If I had done my research, I could have saved myself the time I wasted reading Netherland by Joseph O’Neill. All the reviews that have raved about it go on and on about the lushness of the prose and the beauty of the blah blah blah. I don’t know what the blah blah is because I can’t bring myself to go back and read the reviews. What I do know is that had I paid closer attention I would have noticed that nobody mentioned the plot. Why is that? Because the book doesn’t have one. It’s a plotless meditation on loss, love, blah, post-9/11 New York, whatever, cricket, and some other stuff I don’t care about.
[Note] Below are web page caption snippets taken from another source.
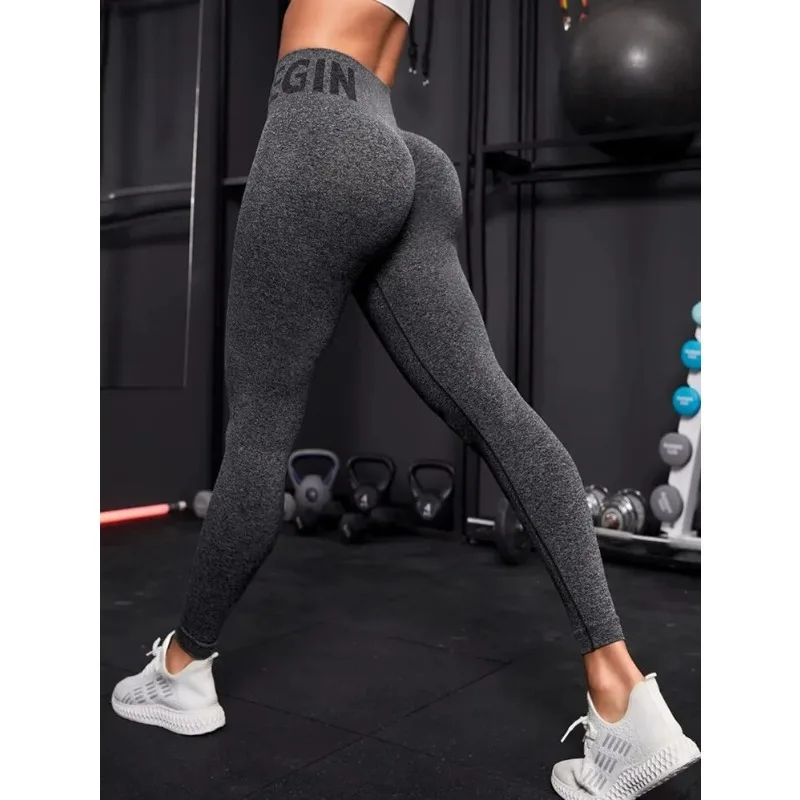 Women Summer Seamless Solid Sports Leggings with High Waist Hip Lifting Letter Pants Fitness Yoga PantsTraining Leggings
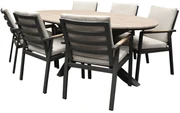 Lola Salvador dining tuinset ovaal 220x115xH75 cm 7 delig polywood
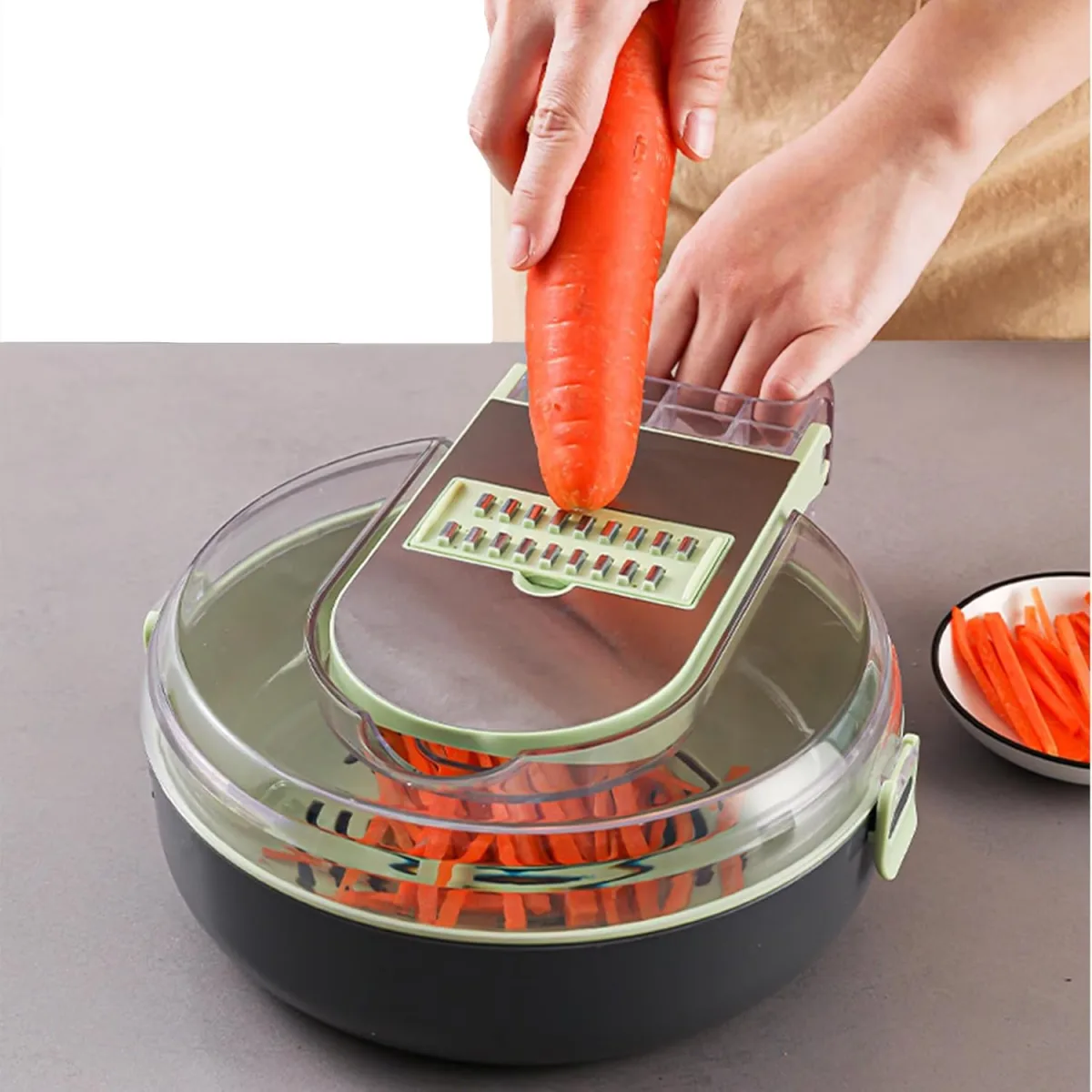 Set Tocator Legume Manual MACVI 14 in 1, 8 Lame din Otel Inoxidabil, Rotund, Plastic - imagine 4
A lot of the reviews have compared O’Neill’s books to The Great Gatsby which leaves me stunned. Stuff happened in Gatsby. In fact a series of things happened and each of those things had something to do with the stuff that came after it, and in the parlance of the modern writer it had what we like to call a plot — a delicious, glorious, beautiful plot. A plot is that which keeps us turning pages, because we care to see what happens to the people we are reading about. Netherland was sorely lacking that and thus also lacking my affection.
Beautiful writing, which there is plenty of in O’Neill’s book, can only get you so far. As much as I hate to be this person, I need a plot in a novel. I’m willing to go without plot in short stories because I’m only giving up an hour of my time, but a novel needs to have more than pretty writing to keep me going.